____ Dataset excerpt
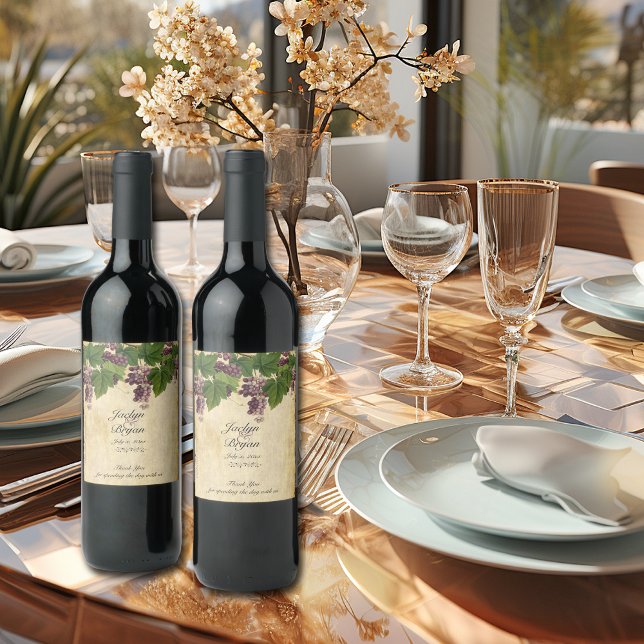 Étiquette Pour Bouteilles De Vin Vaisseau mariage, Vignoble Aquarelle Rustique (Créateur téléchargé)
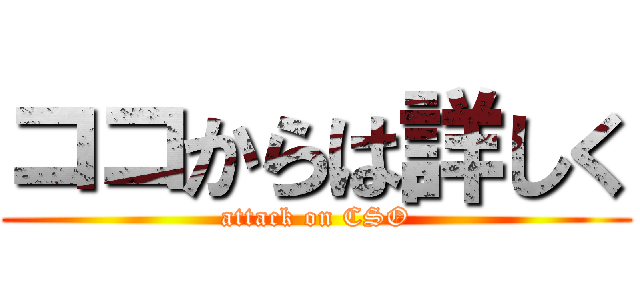 ココからは詳しく (attack on CSO)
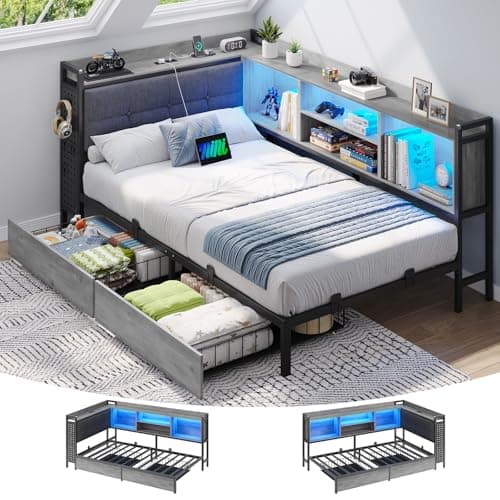 Image of Brinlawb 3ft Single Bed Frame with Upholstered Headboard, Charging Station (2 AC Sockets, 2 USB Ports) and LED Lights, Single Bed with Storage, 2 Drawers, Reversible Left/Right Hand Assembly, Grey Oak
________
#### [Task statement]
With the images excluded, reproduce the data above precisely as written.

#### [Exercise output]
 Étiquette Pour Bouteilles De Vin Vaisseau mariage, Vignoble Aquarelle Rustique (Créateur téléchargé)
 ココからは詳しく (attack on CSO)
 Image of Brinlawb 3ft Single Bed Frame with Upholstered Headboard, Charging Station (2 AC Sockets, 2 USB Ports) and LED Lights, Single Bed with Storage, 2 Drawers, Reversible Left/Right Hand Assembly, Grey Oak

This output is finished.